Records for this exercise.
------------------------------------

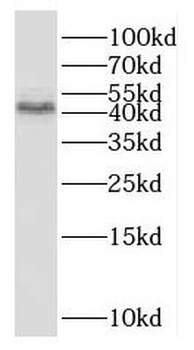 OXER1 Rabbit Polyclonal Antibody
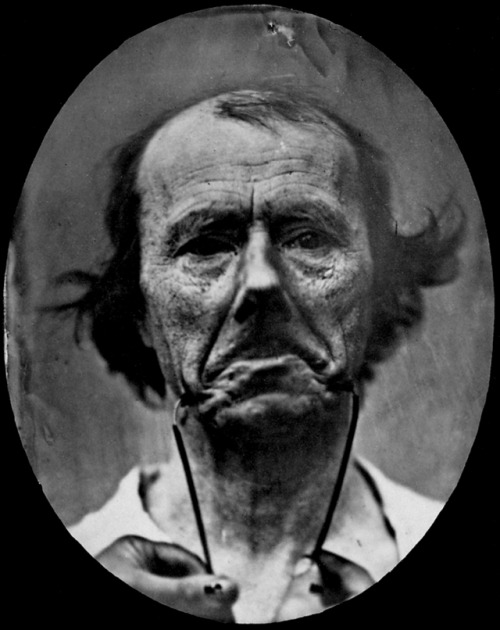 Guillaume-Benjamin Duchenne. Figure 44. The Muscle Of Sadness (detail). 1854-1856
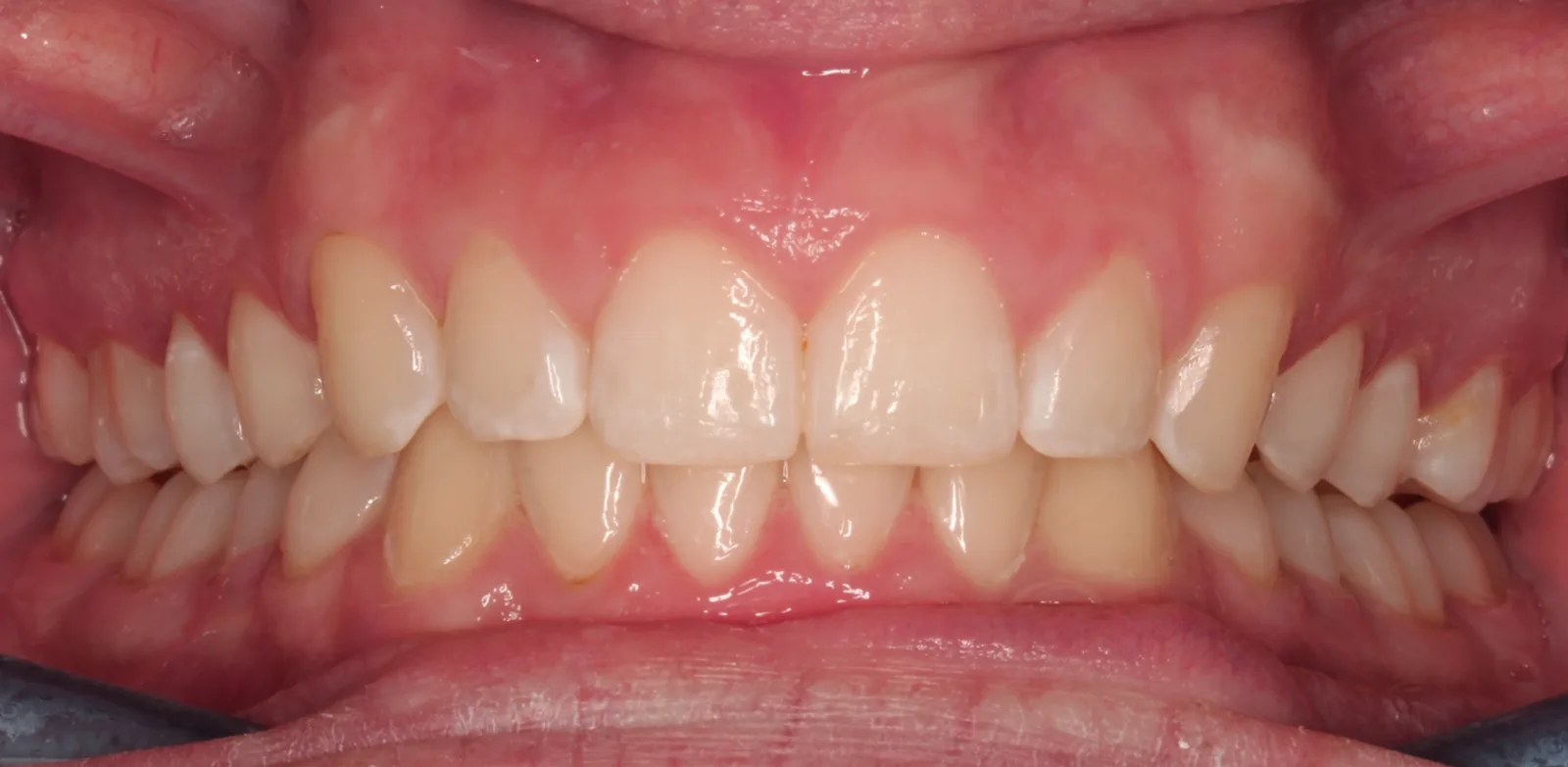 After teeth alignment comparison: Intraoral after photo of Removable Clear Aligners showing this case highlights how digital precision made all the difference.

------------------------------------

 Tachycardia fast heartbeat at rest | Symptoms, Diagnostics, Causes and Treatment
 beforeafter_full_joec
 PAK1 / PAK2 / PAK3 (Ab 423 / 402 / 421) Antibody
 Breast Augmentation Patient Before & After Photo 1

------------------------------------

Your assignment. Using the records above, repeat exactly the run of lines that starts with the line with "Guillaume-Benjamin Duchenne. Figure" and goes on through the line with "After teeth alignment"; omit each picture.

Response area.
 Guillaume-Benjamin Duchenne. Figure 44. The Muscle Of Sadness (detail). 1854-1856
 After teeth alignment comparison: Intraoral after photo of Removable Clear Aligners showing this case highlights how digital precision made all the difference.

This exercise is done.